### SUPPLIED DATA
::::

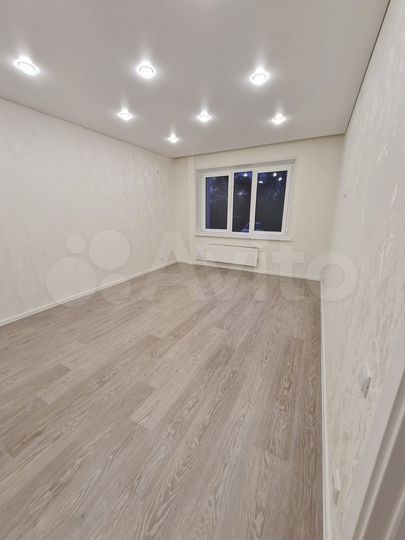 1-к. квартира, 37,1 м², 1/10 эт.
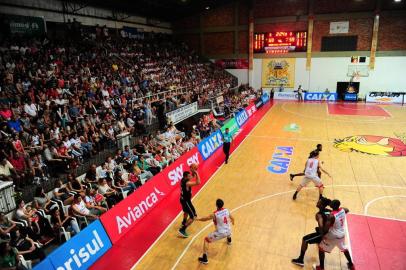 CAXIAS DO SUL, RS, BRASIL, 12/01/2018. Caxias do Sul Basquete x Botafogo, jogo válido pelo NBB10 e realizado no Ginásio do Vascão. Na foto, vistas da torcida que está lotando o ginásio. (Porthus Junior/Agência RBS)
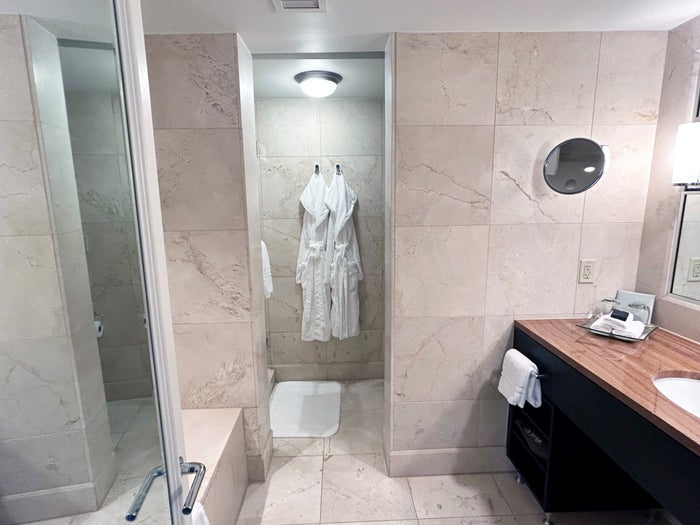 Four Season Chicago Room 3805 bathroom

::::

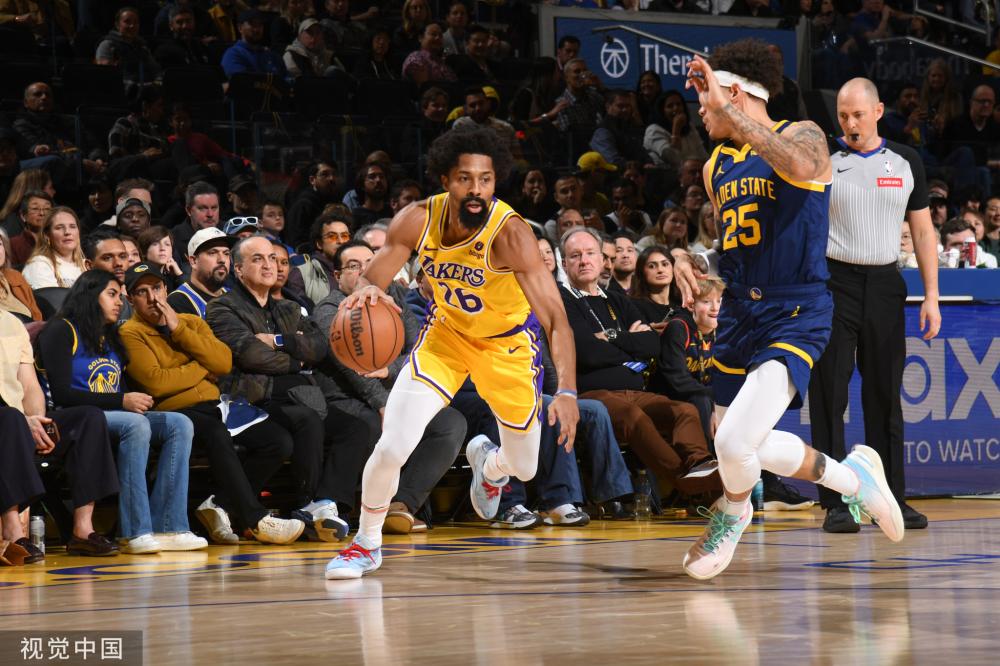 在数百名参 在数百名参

::::

### TRY IT
Skipping the pictures, print the lines in the listing above exactly as written, starting at the line with "CAXIAS DO SUL, RS, BRASIL, 12/01/2018." and ending at the line with "Four Season Chicago Room 3805 bathroom", both included.

### SOLUTION TO THE EXERCISE
 CAXIAS DO SUL, RS, BRASIL, 12/01/2018. Caxias do Sul Basquete x Botafogo, jogo válido pelo NBB10 e realizado no Ginásio do Vascão. Na foto, vistas da torcida que está lotando o ginásio. (Porthus Junior/Agência RBS)
 Four Season Chicago Room 3805 bathroom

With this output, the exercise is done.